Problem: Return only these lines: the one that contains "Seashore - Tossed Seashells Batik - Sky Blue" and every line after it through the end of the listing, exactly, without pictures.

- - - -

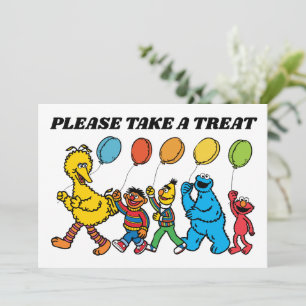 Sesame Street Pals Birthday Balloat tar ett exempe Inbjudningar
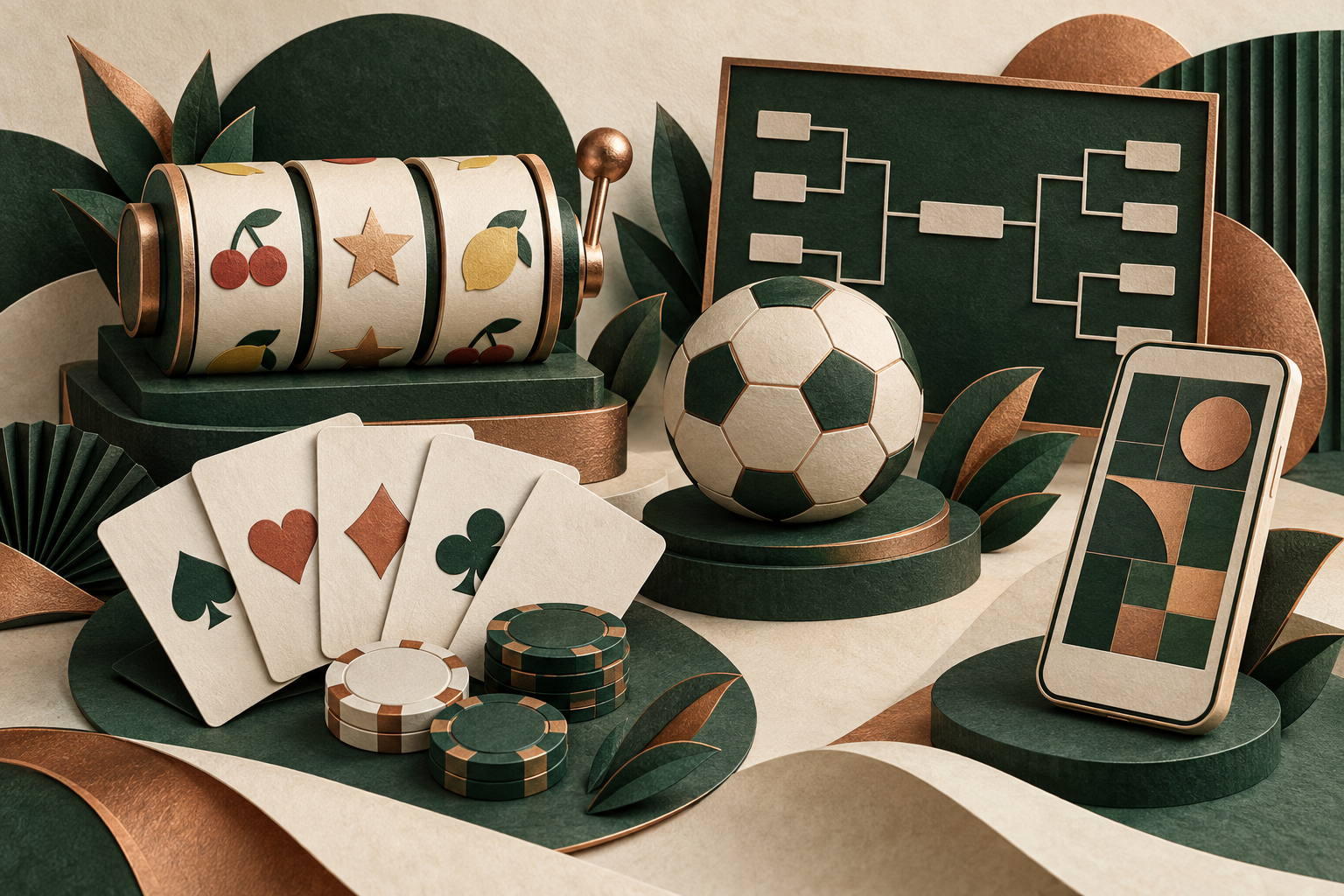 Ilustrasi editorial katalog permainan: gulungan simbol, kartu, bola olahraga, dan layar ponsel abstrak.
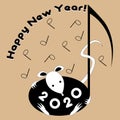 New year logo 2020 with notes and a rat using negative space happy new year greetings Royalty Free Stock Photo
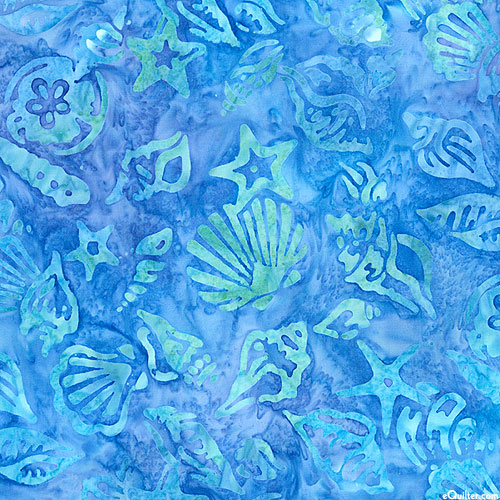Seashore - Tossed Seashells Batik - Sky Blue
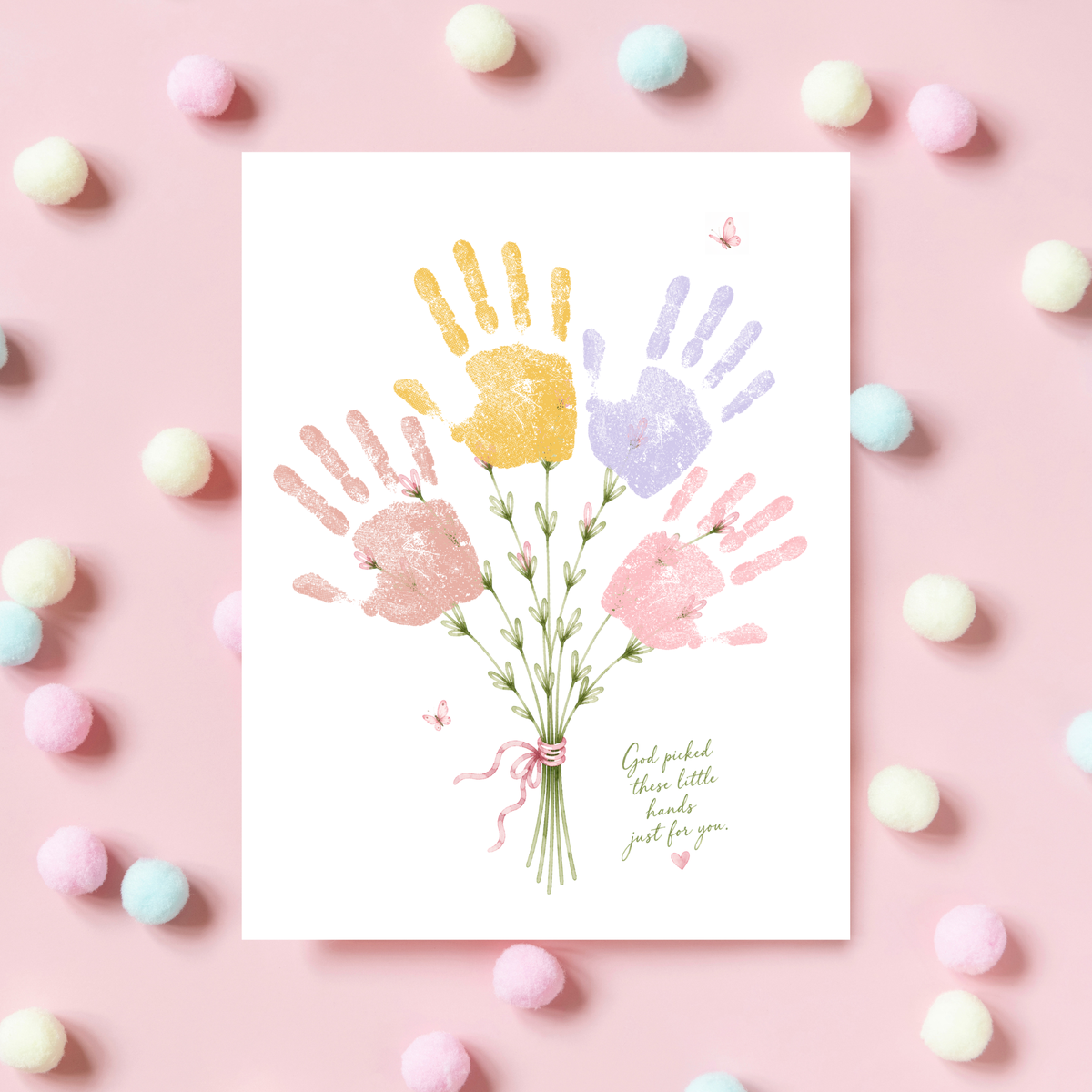 Christian Mother’s Day Handprint Craft Printable | God Picked These Little Hands for You | Mom Grandma Aunt Keepsake Gift | Birthday & Valentine’s Day Printable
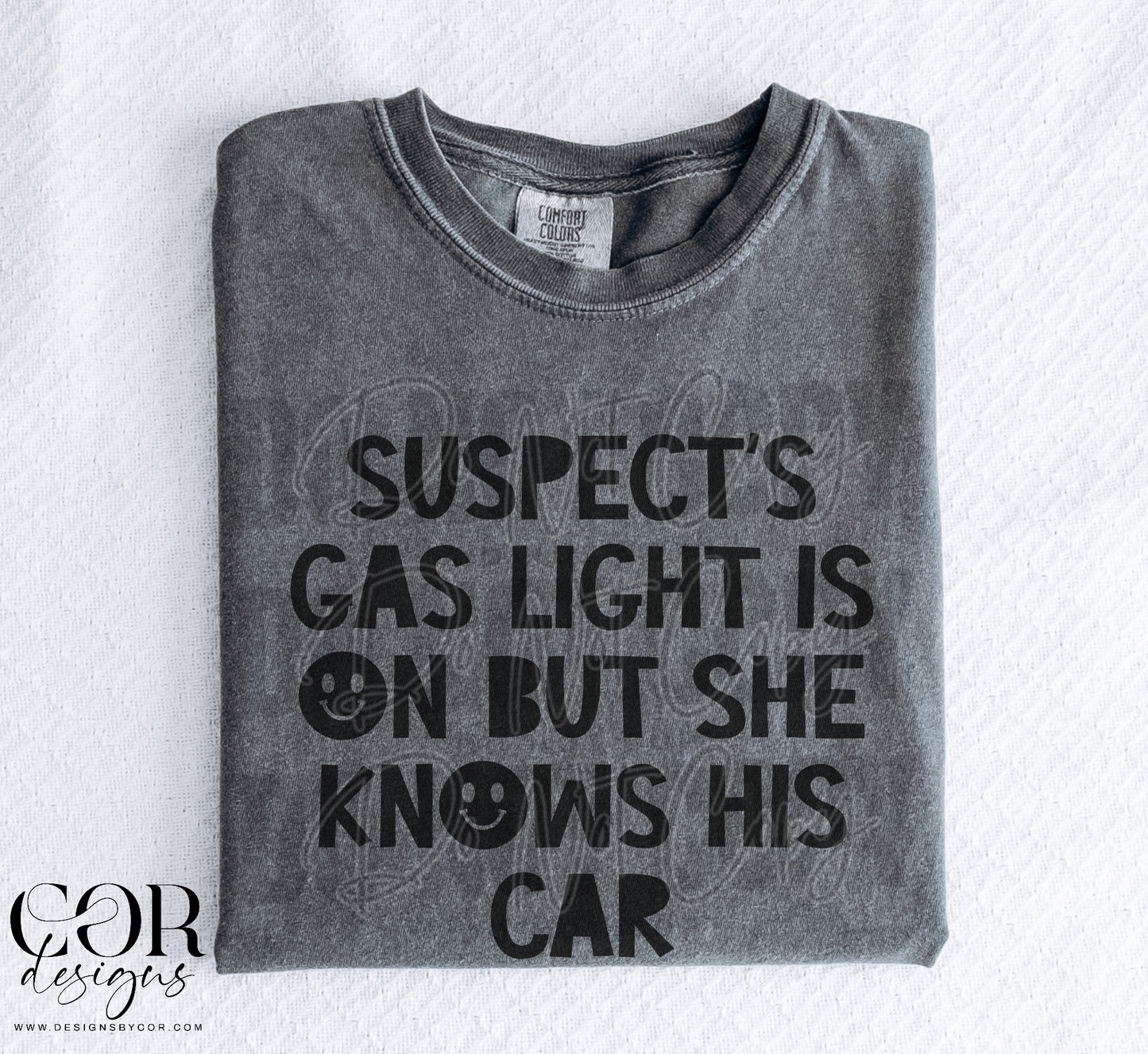 Suspect's gas light is on but she knows his car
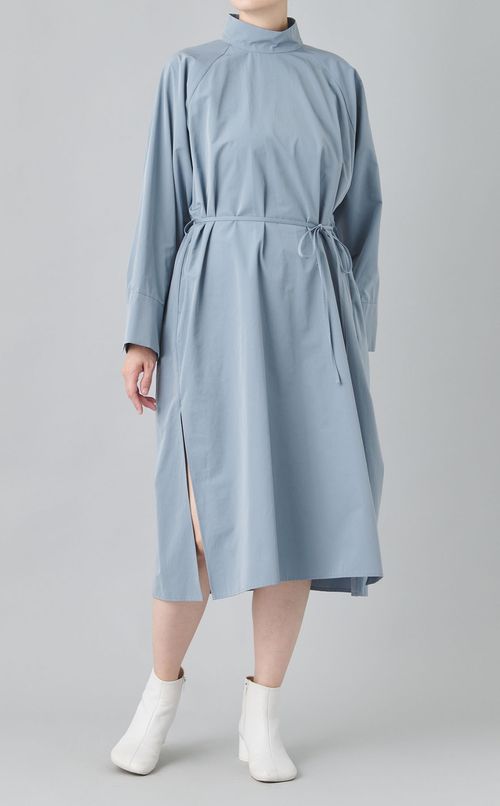 タフタスタンドカラー ワンピース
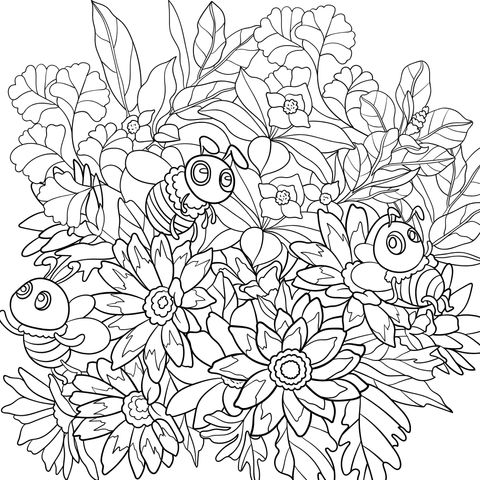 Bee and Flower Coloring Page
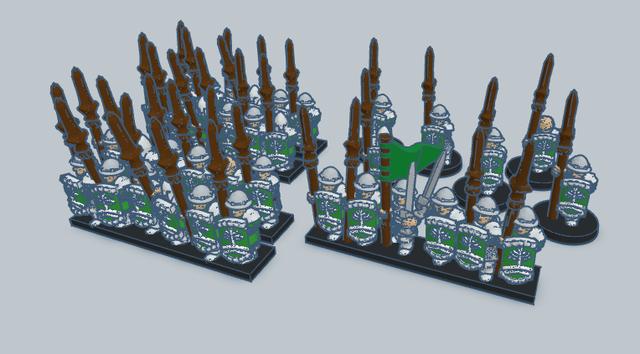 Pinnath Gelin Spearmen 10mm Scale 3D model thumbnail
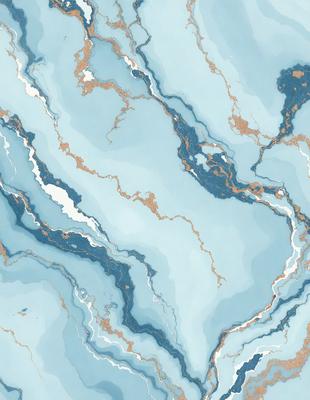 The primary subject of the image is a blue and white marble-like pattern. The setting is a blue and white marble-like surface, which could be a wall or a countertop. The visual style is a digital art or illustration, as the pattern appears to be a design or a painting. The colors and mood of the image are predominantly blue and white, creating a clean and elegant atmosphere.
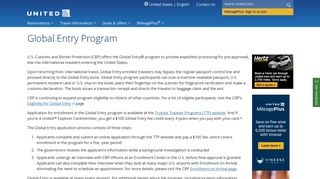 Global Entry Program - United Airlines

- - - -

Output of the exercise:
Seashore - Tossed Seashells Batik - Sky Blue
 Christian Mother’s Day Handprint Craft Printable | God Picked These Little Hands for You | Mom Grandma Aunt Keepsake Gift | Birthday & Valentine’s Day Printable
 Suspect's gas light is on but she knows his car
 タフタスタンドカラー ワンピース
 Bee and Flower Coloring Page
 Pinnath Gelin Spearmen 10mm Scale 3D model thumbnail
 The primary subject of the image is a blue and white marble-like pattern. The setting is a blue and white marble-like surface, which could be a wall or a countertop. The visual style is a digital art or illustration, as the pattern appears to be a design or a painting. The colors and mood of the image are predominantly blue and white, creating a clean and elegant atmosphere.
 Global Entry Program - United Airlines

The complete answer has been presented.